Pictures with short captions

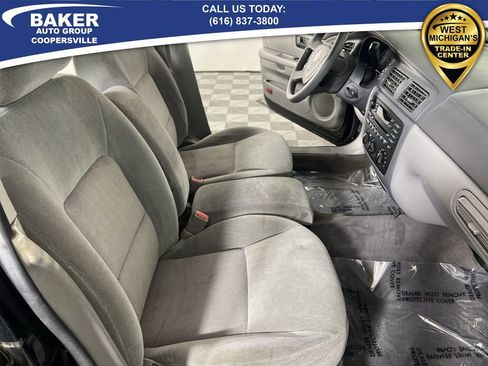 Used 2005 Mercury Sable GS image 22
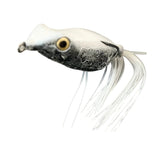 Copper Red Baits Tsunami Frog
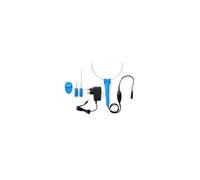 Velleman Découpeur de mousse 3-en-1 – Couteau chaud & stylo graveur 8W adaptateur 5V chauffe 10s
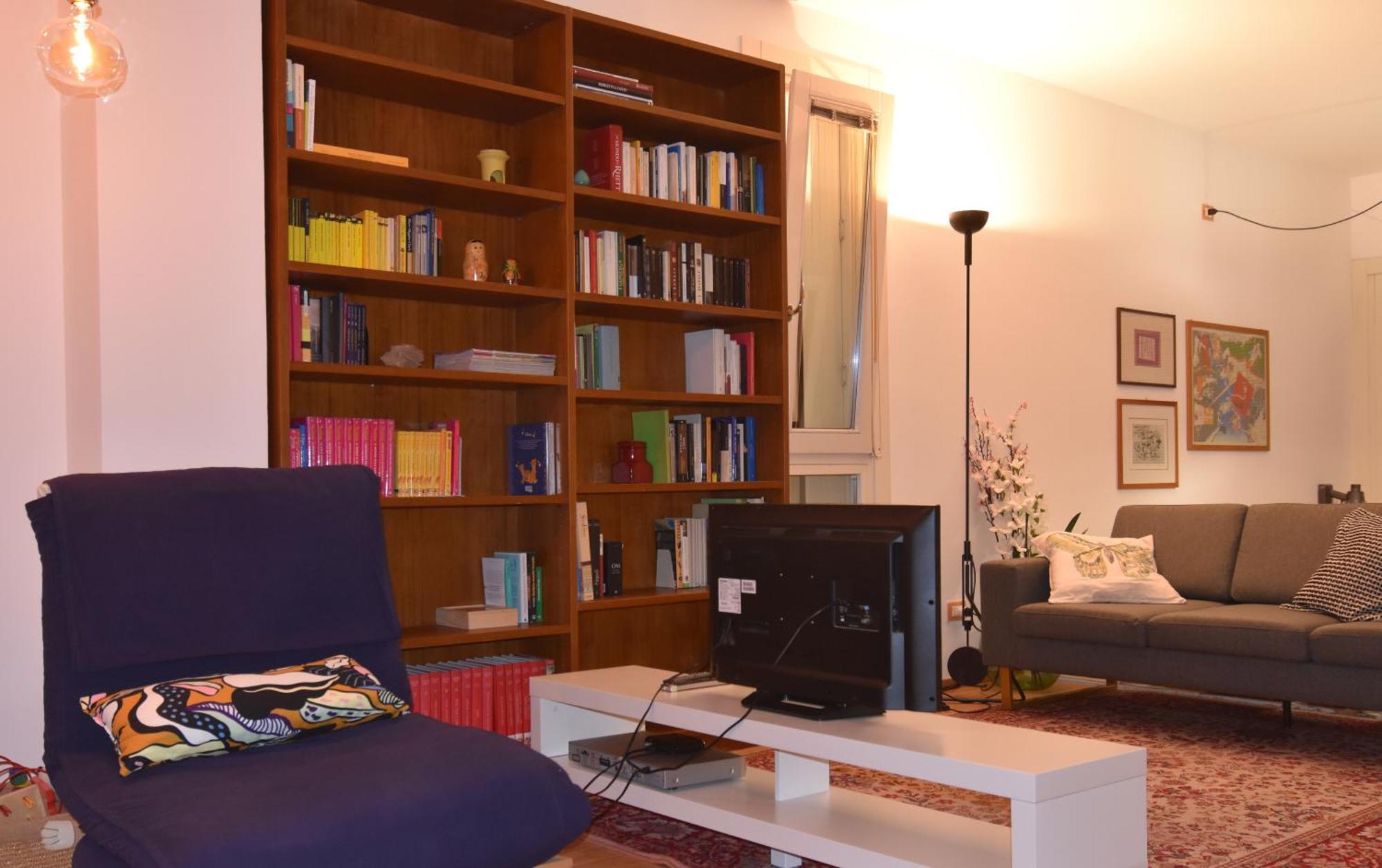 La Casa Della Luce Apartment Verona Luaran gambar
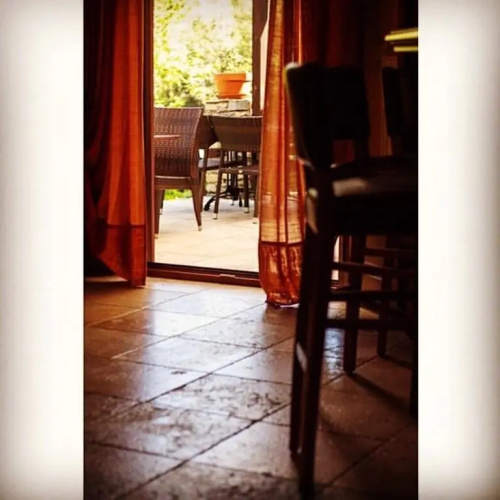La Casa Rossa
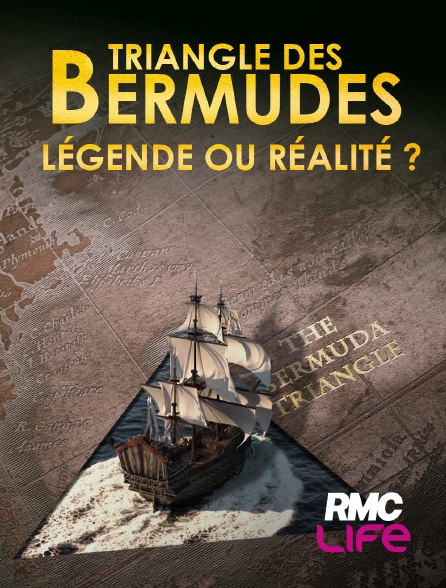 RMC Life - Triangle des Bermudes : légende ou réalité ?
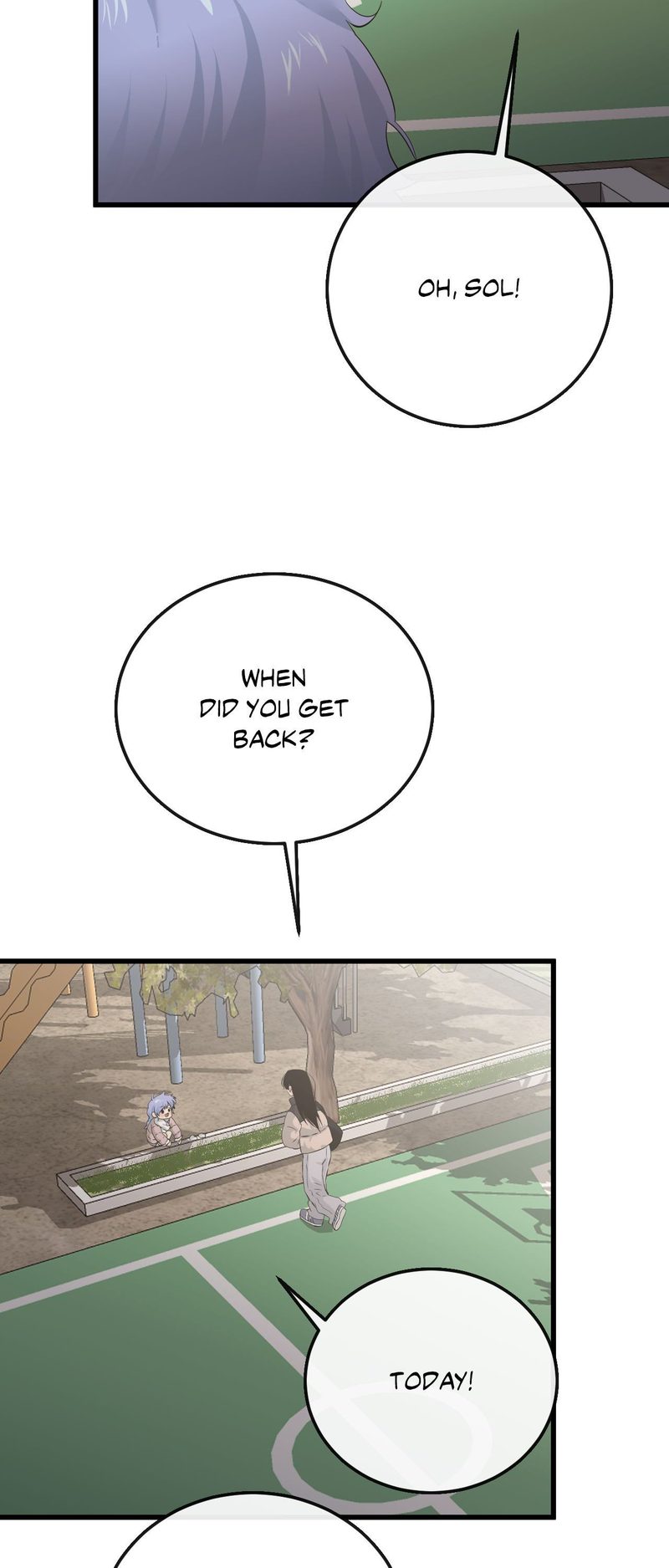 Where the Heart Is - Chapter 54 [photo 16] - MangaPorn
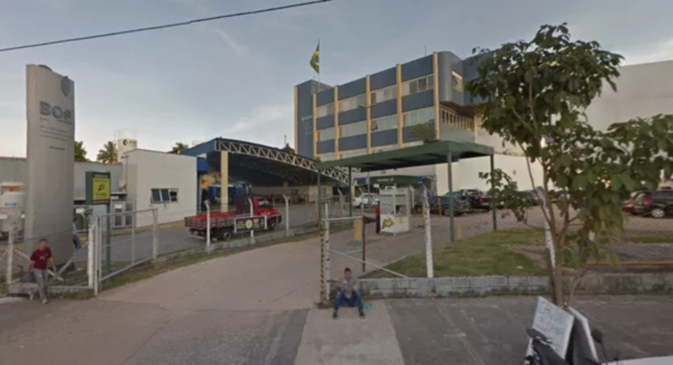 Banco de Olhos de Sorocaba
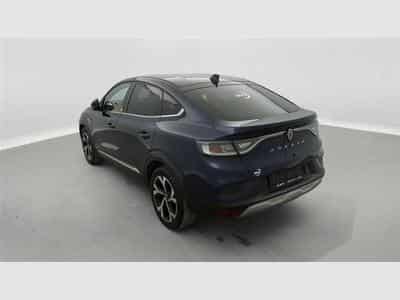Renault Arkana E-TECH 1.6i Techno (2024) - Photo 2
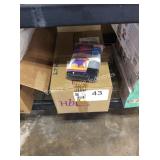 1 CTN HANES LADIES BRIEFS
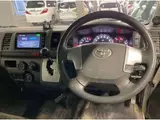2020 Toyota Regius Ace Van Long DX GL Package White Van for sale, Japanese used car export - photo 5 of 9 | GULJI TRADERS
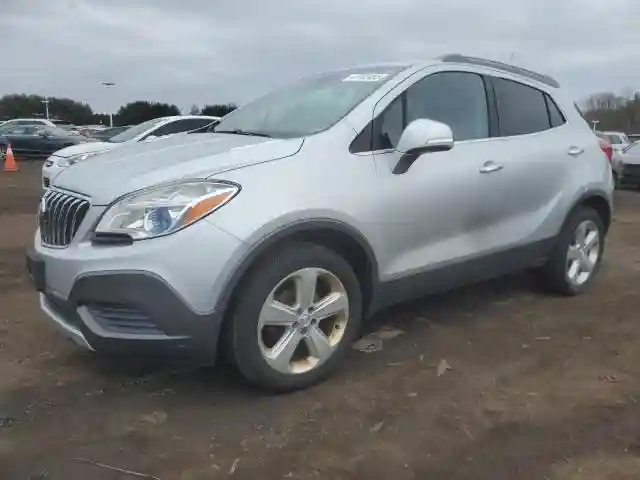 KL4CJESB8FB234030 2015 BUICK ENCORE-0
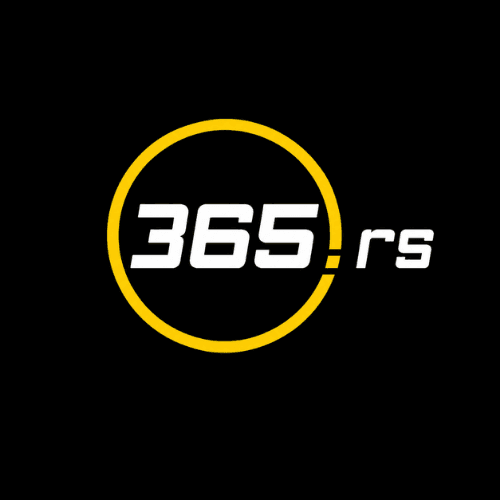 365.rs logo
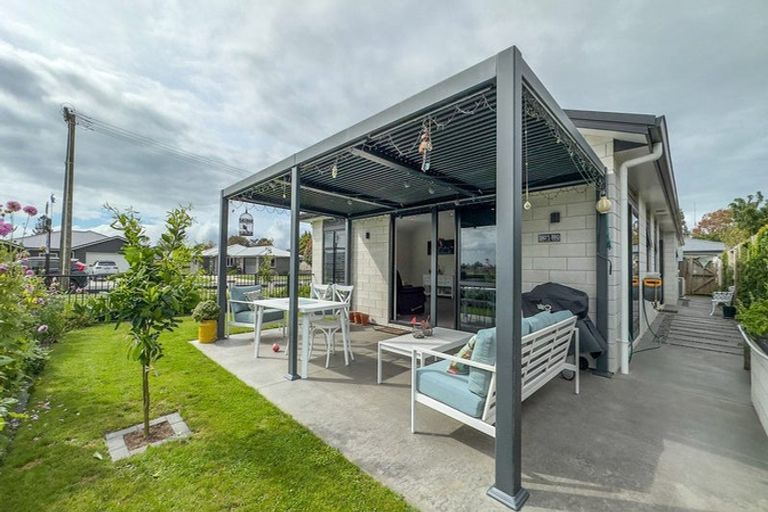 Photo of property in 5 Haig Road, Matamata, 3400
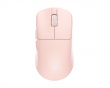 F1 Ultimate+ 3.0 Kabellose Gaming-Maus - Coral Pink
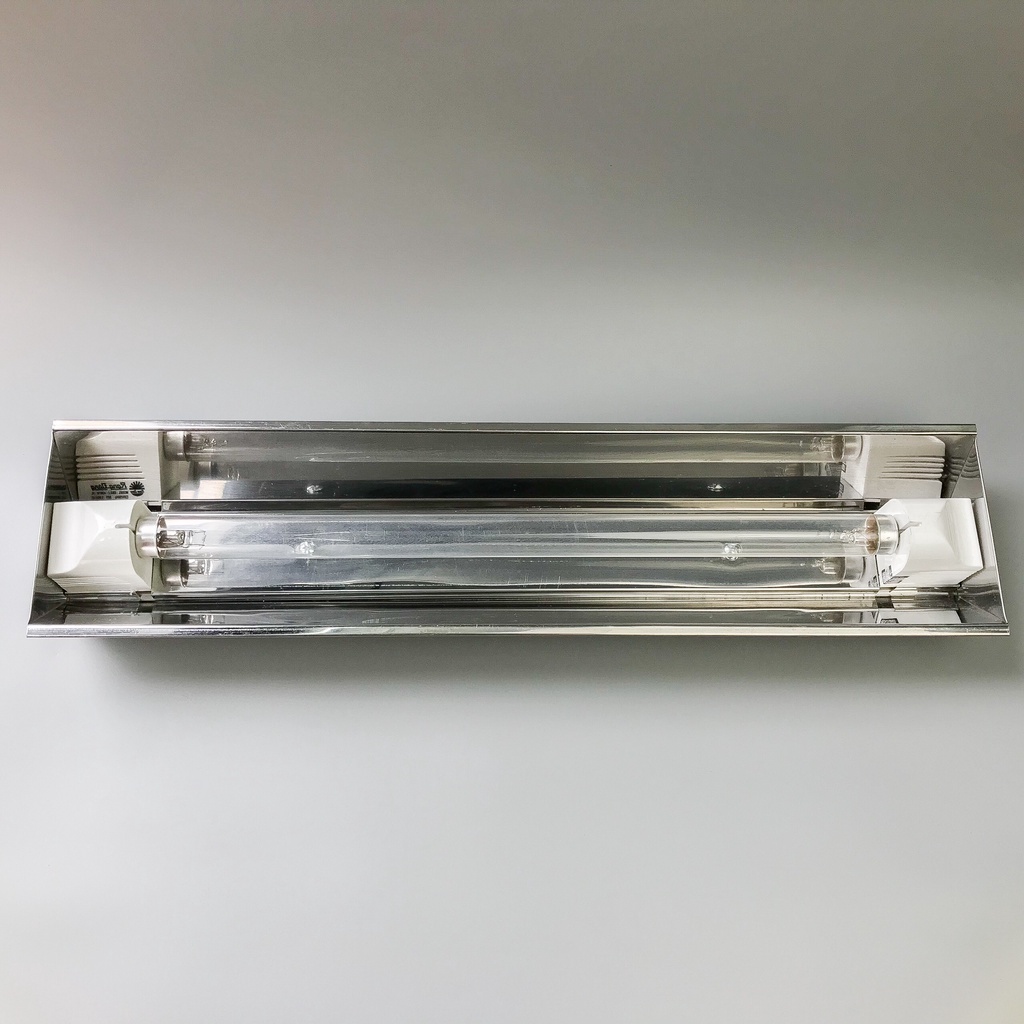 Bóng Đèn Cực Tím  Bóng Đèn khử khuẩn UV 45 - Ship từ 2 bóng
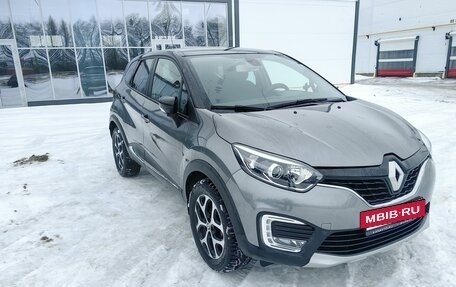 Renault Kaptur I рестайлинг, 2019 год, 1 900 000 рублей, 3 фотография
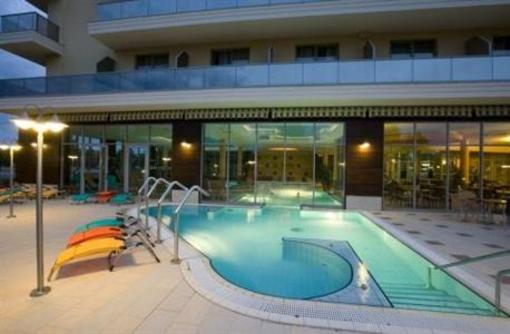 фото отеля Balneo Hotel Zsori Thermal & Wellness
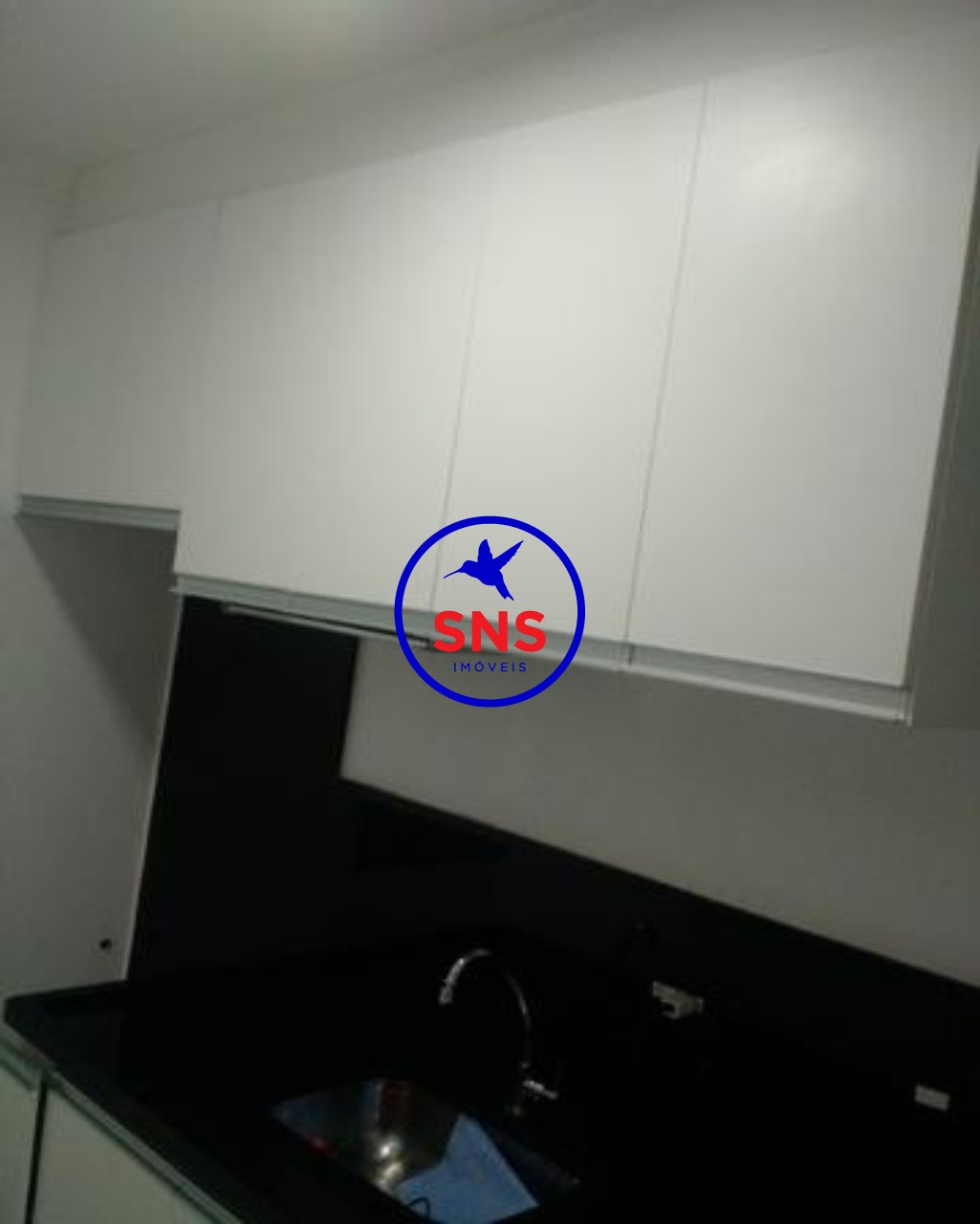 Apartamento à venda com 2 quartos, 55m² - Foto 10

EXERCISE: When you output the entries, keep each line exactly as it is and leave out any pictures.

THE COMPLETED TASK:
 Used 2005 Mercury Sable GS image 22
 Copper Red Baits Tsunami Frog
 Velleman Découpeur de mousse 3-en-1 – Couteau chaud & stylo graveur 8W adaptateur 5V chauffe 10s
 La Casa Della Luce Apartment Verona Luaran gambar
La Casa Rossa
 RMC Life - Triangle des Bermudes : légende ou réalité ?
 Where the Heart Is - Chapter 54 [photo 16] - MangaPorn
 Banco de Olhos de Sorocaba
Renault Arkana E-TECH 1.6i Techno (2024) - Photo 2
 1 CTN HANES LADIES BRIEFS
2020 Toyota Regius Ace Van Long DX GL Package White Van for sale, Japanese used car export - photo 5 of 9 | GULJI TRADERS
 KL4CJESB8FB234030 2015 BUICK ENCORE-0
 365.rs logo
 Photo of property in 5 Haig Road, Matamata, 3400
 F1 Ultimate+ 3.0 Kabellose Gaming-Maus - Coral Pink
 Bóng Đèn Cực Tím  Bóng Đèn khử khuẩn UV 45 - Ship từ 2 bóng
 Renault Kaptur I рестайлинг, 2019 год, 1 900 000 рублей, 3 фотография
 фото отеля Balneo Hotel Zsori Thermal & Wellness
 Apartamento à venda com 2 quartos, 55m² - Foto 10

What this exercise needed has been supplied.